### YOUR ASSIGNMENT
Nothing but the lines from the start of the entries through the line containing "Audi Q5 2.0" should appear in the answer, each given exactly.

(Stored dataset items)
⟨
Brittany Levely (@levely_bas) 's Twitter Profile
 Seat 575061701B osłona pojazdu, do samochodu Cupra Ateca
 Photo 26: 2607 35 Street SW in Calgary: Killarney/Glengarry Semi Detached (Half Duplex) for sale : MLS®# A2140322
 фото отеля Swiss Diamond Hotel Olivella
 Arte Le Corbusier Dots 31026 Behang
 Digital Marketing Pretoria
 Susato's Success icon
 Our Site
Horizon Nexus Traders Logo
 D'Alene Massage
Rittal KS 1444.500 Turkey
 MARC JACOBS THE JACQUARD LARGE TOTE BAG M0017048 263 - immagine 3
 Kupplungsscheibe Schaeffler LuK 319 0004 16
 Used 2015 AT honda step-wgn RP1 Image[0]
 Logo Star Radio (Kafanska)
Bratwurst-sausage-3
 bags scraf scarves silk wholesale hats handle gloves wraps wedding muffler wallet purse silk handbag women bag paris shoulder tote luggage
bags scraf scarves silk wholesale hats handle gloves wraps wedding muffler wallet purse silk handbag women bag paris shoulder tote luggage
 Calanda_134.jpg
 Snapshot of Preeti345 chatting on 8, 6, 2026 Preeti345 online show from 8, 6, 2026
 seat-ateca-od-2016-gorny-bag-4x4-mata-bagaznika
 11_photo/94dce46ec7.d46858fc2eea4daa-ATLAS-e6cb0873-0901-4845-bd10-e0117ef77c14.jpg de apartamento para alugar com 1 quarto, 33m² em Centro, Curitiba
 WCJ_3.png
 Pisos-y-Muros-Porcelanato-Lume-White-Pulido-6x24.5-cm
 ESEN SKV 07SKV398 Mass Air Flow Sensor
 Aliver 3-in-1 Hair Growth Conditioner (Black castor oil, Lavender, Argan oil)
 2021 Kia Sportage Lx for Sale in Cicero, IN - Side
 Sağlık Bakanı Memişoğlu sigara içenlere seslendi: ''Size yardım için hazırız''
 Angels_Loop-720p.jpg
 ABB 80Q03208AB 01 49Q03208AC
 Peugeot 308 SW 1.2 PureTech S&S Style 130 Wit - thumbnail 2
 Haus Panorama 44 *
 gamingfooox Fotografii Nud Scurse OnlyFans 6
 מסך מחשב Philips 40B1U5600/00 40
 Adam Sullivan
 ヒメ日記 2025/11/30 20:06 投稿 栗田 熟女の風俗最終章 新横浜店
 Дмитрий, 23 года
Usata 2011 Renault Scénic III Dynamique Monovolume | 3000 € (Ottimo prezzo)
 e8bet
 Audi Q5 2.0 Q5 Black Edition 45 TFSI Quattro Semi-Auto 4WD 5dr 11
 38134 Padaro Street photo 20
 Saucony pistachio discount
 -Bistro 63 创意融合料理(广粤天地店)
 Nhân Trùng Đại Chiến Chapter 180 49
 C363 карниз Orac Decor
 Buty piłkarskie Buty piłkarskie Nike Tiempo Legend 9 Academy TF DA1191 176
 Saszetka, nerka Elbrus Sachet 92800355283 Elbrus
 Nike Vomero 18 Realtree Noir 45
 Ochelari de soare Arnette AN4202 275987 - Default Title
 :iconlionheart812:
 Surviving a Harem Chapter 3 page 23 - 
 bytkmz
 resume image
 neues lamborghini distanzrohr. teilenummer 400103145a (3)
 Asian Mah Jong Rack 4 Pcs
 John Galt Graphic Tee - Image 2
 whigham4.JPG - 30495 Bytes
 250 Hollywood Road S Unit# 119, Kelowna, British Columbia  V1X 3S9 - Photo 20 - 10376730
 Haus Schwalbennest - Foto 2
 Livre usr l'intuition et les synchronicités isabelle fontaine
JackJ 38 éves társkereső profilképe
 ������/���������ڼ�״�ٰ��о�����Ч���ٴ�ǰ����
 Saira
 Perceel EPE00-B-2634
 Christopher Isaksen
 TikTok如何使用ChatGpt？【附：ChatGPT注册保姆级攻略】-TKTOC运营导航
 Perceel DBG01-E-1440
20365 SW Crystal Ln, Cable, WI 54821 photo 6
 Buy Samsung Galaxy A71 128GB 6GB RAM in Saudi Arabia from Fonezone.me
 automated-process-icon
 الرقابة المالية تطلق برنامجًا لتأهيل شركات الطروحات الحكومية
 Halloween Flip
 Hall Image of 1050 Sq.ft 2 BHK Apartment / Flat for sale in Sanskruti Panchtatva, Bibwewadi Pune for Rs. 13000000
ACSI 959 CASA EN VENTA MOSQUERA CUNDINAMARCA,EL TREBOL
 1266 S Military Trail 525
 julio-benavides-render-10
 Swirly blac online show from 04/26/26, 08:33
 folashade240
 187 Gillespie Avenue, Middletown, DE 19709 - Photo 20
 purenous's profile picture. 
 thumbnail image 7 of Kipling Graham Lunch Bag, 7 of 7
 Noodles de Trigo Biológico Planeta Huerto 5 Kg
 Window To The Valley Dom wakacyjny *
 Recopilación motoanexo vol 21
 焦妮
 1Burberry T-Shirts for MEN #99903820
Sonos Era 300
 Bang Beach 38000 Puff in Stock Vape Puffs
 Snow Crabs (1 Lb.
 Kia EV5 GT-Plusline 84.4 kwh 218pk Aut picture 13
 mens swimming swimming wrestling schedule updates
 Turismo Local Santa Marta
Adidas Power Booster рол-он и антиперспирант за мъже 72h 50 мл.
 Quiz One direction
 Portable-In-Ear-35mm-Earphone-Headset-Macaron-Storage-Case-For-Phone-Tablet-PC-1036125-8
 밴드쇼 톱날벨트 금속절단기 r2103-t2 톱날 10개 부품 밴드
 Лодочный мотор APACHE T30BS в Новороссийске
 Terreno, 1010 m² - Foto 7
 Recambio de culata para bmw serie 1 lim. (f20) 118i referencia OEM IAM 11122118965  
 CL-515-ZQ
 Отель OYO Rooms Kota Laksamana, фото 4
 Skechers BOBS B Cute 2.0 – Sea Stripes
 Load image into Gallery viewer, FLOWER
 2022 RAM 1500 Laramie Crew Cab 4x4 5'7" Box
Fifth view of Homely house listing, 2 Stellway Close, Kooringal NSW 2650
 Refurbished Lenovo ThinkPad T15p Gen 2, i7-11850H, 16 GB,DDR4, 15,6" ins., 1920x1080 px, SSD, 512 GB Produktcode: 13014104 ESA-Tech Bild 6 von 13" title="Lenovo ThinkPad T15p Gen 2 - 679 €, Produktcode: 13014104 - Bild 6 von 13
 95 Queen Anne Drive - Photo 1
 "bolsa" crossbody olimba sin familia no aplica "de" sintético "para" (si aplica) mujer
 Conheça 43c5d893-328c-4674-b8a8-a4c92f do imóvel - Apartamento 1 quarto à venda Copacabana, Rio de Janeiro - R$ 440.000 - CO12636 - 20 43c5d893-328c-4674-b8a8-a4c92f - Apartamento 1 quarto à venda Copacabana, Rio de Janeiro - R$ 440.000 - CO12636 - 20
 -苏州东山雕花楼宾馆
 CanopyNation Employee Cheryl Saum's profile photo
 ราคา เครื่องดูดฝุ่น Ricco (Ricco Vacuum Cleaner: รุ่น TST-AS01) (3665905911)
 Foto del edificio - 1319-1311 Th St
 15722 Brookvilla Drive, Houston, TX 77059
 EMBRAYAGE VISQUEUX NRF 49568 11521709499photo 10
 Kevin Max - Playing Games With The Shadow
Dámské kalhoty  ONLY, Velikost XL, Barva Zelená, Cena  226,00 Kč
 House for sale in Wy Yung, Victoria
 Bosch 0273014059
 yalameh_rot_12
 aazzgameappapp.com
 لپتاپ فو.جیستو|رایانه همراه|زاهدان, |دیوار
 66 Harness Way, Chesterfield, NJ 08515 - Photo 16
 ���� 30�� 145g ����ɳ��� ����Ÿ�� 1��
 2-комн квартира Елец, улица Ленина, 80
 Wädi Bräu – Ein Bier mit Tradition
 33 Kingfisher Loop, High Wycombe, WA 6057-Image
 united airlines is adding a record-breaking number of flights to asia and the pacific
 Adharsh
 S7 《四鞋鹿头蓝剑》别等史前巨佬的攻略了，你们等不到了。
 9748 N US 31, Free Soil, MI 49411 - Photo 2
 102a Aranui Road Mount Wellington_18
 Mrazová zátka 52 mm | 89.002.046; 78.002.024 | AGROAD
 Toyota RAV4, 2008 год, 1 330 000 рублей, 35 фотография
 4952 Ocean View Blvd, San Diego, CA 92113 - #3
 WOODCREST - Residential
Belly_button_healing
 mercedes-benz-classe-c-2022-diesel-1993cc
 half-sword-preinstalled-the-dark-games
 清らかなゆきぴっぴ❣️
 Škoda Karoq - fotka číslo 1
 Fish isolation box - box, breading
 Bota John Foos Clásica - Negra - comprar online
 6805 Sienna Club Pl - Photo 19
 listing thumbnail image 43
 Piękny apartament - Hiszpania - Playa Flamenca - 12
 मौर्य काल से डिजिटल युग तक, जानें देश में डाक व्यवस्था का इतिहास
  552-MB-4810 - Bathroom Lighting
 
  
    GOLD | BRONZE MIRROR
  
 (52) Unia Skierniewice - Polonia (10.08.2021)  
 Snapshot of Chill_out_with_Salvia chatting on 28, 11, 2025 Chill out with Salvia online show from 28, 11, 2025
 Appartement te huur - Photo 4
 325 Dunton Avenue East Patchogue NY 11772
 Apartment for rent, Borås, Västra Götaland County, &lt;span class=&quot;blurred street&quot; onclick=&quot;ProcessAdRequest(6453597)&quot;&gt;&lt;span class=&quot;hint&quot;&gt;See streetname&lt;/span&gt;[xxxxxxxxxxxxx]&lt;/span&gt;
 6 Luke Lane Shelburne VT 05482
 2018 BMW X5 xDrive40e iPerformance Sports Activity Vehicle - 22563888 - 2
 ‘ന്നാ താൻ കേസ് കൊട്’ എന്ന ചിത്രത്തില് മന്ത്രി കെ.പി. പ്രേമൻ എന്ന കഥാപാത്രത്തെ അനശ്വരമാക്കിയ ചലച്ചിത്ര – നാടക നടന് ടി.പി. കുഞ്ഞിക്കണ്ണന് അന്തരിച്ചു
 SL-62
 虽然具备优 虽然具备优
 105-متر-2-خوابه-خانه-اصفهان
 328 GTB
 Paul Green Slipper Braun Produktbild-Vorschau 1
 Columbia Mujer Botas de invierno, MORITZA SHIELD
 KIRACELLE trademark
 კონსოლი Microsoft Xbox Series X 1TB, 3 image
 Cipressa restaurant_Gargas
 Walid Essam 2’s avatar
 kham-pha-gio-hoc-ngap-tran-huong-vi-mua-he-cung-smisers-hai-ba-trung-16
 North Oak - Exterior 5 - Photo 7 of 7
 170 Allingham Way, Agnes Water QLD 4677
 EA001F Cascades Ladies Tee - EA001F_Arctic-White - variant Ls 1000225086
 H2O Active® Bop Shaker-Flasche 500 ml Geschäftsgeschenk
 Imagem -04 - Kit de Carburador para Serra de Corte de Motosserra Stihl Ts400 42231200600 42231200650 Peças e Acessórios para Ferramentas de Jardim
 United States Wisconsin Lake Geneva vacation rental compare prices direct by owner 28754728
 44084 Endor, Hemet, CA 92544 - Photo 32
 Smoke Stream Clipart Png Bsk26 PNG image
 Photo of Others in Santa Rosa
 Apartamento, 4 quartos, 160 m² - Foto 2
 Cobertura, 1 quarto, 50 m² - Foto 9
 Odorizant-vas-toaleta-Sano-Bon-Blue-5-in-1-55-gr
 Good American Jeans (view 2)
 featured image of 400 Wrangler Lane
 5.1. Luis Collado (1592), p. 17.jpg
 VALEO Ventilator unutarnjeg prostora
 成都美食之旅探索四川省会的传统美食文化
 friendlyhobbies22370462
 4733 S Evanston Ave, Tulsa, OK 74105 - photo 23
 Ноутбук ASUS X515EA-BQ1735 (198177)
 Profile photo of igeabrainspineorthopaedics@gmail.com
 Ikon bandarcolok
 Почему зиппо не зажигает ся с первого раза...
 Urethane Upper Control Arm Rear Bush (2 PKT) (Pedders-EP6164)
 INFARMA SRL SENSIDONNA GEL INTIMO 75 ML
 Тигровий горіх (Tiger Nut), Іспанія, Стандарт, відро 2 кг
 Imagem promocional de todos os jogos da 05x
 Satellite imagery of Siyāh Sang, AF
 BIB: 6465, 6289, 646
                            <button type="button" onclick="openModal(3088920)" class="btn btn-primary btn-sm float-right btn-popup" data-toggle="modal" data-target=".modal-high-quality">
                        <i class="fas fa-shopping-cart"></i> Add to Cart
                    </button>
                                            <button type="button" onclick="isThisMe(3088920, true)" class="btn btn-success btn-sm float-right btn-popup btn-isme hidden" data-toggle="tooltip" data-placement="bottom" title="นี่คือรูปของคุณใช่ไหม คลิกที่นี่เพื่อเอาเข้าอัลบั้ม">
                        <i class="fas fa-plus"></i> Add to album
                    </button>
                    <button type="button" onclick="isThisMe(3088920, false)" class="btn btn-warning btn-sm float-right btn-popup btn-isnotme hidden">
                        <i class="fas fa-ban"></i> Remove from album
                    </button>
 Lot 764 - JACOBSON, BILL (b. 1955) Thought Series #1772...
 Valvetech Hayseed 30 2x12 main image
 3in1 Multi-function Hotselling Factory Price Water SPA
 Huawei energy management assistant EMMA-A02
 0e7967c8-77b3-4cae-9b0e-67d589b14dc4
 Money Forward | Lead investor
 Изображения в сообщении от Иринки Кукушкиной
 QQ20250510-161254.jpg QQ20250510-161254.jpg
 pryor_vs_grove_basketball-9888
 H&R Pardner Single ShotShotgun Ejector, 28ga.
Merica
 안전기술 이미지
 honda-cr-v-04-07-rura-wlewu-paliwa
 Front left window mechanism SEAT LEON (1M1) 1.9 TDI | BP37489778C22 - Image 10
⟩
### EXERCISE OUTPUT
Brittany Levely (@levely_bas) 's Twitter Profile
 Seat 575061701B osłona pojazdu, do samochodu Cupra Ateca
 Photo 26: 2607 35 Street SW in Calgary: Killarney/Glengarry Semi Detached (Half Duplex) for sale : MLS®# A2140322
 фото отеля Swiss Diamond Hotel Olivella
 Arte Le Corbusier Dots 31026 Behang
 Digital Marketing Pretoria
 Susato's Success icon
 Our Site
Horizon Nexus Traders Logo
 D'Alene Massage
Rittal KS 1444.500 Turkey
 MARC JACOBS THE JACQUARD LARGE TOTE BAG M0017048 263 - immagine 3
 Kupplungsscheibe Schaeffler LuK 319 0004 16
 Used 2015 AT honda step-wgn RP1 Image[0]
 Logo Star Radio (Kafanska)
Bratwurst-sausage-3
 bags scraf scarves silk wholesale hats handle gloves wraps wedding muffler wallet purse silk handbag women bag paris shoulder tote luggage
bags scraf scarves silk wholesale hats handle gloves wraps wedding muffler wallet purse silk handbag women bag paris shoulder tote luggage
 Calanda_134.jpg
 Snapshot of Preeti345 chatting on 8, 6, 2026 Preeti345 online show from 8, 6, 2026
 seat-ateca-od-2016-gorny-bag-4x4-mata-bagaznika
 11_photo/94dce46ec7.d46858fc2eea4daa-ATLAS-e6cb0873-0901-4845-bd10-e0117ef77c14.jpg de apartamento para alugar com 1 quarto, 33m² em Centro, Curitiba
 WCJ_3.png
 Pisos-y-Muros-Porcelanato-Lume-White-Pulido-6x24.5-cm
 ESEN SKV 07SKV398 Mass Air Flow Sensor
 Aliver 3-in-1 Hair Growth Conditioner (Black castor oil, Lavender, Argan oil)
 2021 Kia Sportage Lx for Sale in Cicero, IN - Side
 Sağlık Bakanı Memişoğlu sigara içenlere seslendi: ''Size yardım için hazırız''
 Angels_Loop-720p.jpg
 ABB 80Q03208AB 01 49Q03208AC
 Peugeot 308 SW 1.2 PureTech S&S Style 130 Wit - thumbnail 2
 Haus Panorama 44 *
 gamingfooox Fotografii Nud Scurse OnlyFans 6
 מסך מחשב Philips 40B1U5600/00 40
 Adam Sullivan
 ヒメ日記 2025/11/30 20:06 投稿 栗田 熟女の風俗最終章 新横浜店
 Дмитрий, 23 года
Usata 2011 Renault Scénic III Dynamique Monovolume | 3000 € (Ottimo prezzo)
 e8bet
 Audi Q5 2.0 Q5 Black Edition 45 TFSI Quattro Semi-Auto 4WD 5dr 11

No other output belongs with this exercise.